When I was a teenager, I was obsessed with all things tea-related. For a while, I took afternoon tea every day. It might just be a cup of tea and some graham crackers, but it gave me a lot of refreshment. And not only refreshment, but it was the romance of the whole thing for me. I think I pictured myself in Victorian England, stepping out of a historical novel. When I was a teenager, I started my teacup and teapot collection. Some were bought at antique stores; some were given to me as gifts. The more flowery the better. Tea roses and pansies in particular struck my fancy. I used my teacups and teapots to decorate with. I had a silver tea service that had a place of honor in my room. When I turned 16, I wanted to have a real afternoon tea party at the local bed and breakfast with ladies of all ages. We dressed up and everything. I was in my element.
During this time, I was given the book If Teacups Could Talk by Emilie Barnes. It is filled with the history of tea parties, wonderful recipes, and tea-related quotations. I can remember being hugely excited to make my first scones, complete with mock Devonshire cream! I remember mixing the dry ingredients together, cutting in the butter with a knife, pouring buttermilk into the well in the center. I remember cutting the biscuit-like scones out with a drinking glass. I remember slathering them with egg wash. I remember how excited I was to eat them and how good they smelled and tasted the first time.
Today I made the same recipe with my daughter. We measured out the ingredients for the scones together. I cut the butter into tiny cubes and she helped me mix it in with a potato masher. We mixed in the buttermilk until the dough was clingy. I rolled out the dough and she worked with me to cut out biscuits with a drinking glass. Oh, the happy memories. The smile and her face and the flour on her nose.
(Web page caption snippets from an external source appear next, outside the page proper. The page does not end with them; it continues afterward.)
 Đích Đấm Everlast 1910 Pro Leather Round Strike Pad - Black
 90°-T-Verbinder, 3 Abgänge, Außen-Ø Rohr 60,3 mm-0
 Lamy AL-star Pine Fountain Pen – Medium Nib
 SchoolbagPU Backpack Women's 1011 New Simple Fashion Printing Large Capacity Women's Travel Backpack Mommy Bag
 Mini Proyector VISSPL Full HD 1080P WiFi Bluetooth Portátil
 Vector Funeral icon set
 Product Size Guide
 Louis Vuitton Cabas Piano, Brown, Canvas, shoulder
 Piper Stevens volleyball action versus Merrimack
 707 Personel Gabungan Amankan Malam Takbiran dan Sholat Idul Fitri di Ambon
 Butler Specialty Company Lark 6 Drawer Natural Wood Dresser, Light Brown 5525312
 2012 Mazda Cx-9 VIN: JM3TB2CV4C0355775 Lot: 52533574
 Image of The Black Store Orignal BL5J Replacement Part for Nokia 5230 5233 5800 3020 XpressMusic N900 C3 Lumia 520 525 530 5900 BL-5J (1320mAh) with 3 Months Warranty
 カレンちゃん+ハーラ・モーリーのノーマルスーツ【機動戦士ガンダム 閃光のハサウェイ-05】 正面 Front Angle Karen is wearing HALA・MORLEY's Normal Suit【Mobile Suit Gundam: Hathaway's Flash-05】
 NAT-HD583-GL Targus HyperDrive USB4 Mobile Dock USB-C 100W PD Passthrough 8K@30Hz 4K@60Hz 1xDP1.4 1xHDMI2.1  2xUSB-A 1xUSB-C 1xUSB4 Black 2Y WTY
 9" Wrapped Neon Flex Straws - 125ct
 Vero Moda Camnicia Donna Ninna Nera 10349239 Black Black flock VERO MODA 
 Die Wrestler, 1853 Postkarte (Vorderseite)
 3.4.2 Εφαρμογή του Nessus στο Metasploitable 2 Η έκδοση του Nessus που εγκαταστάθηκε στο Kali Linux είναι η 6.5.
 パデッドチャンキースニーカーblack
I let her pick out a teapot and teacup to use. A friend had suggested a tea party to me when I was starved for ideas to fill the long hours at home. Maybe she just meant a pretend tea party. I’m not sure. Burrito and I have had pretend ones before and they are always fun, but they don’t always last that long. The idea occurred to me that she was old enough to have a real tea party. I immediately started getting excited. I had not used my teacups and teapots for years and years. They had been faithfully packed and unpacked through several moves, but for the most part, they sat around the house as decorations. Pretty, but not used. Collecting dust.
I suppose it’s safer in a way to just let things collect dust. There’s no risk of breakage. You can bring guests around to admire your collection. But, honestly, where’s the fun in that? Pretty things were made to be used. When we use beautiful things, they elevate an occasion. They make it extra special.
So with Burrito trailing at my heels, I carted my beautiful and unique bone china cups and nice teapots into the kitchen and washed them. While she was sleeping, I set a table for tea. I brought her down from her nap and she saw the beautiful table set just for her. I poured her mint tea and asked her if she wanted some cream. She stirred it with a spoon. I put a heap of crème fraiche on her scone. She asked me to cut it in pieces. We smiled and giggled. We had to stop for a potty break. I looked up into her eyes as she held one of my very favorite bone china tea cups and I thought of the many lonely years I spent as a teenager. The years when I wondered if I would be alone forever. The years full of confusion and sadness. It’s not that I don’t feel lonely, confused or sad today. I do…sometimes acutely so. But maybe if I could have peered ahead, down the years and seen a picture of my daughter-to be carefully sipping milky mint tea out of my cherished tea cup, maybe I could have taken a deep breath and looked into the future with more hope. Maybe in my lonely and sad moments today, it’s a lesson to me still.
Hope has dimples, a huge smile and tiny fingers delicately lifting a beautiful thing, a tea cup to her lips.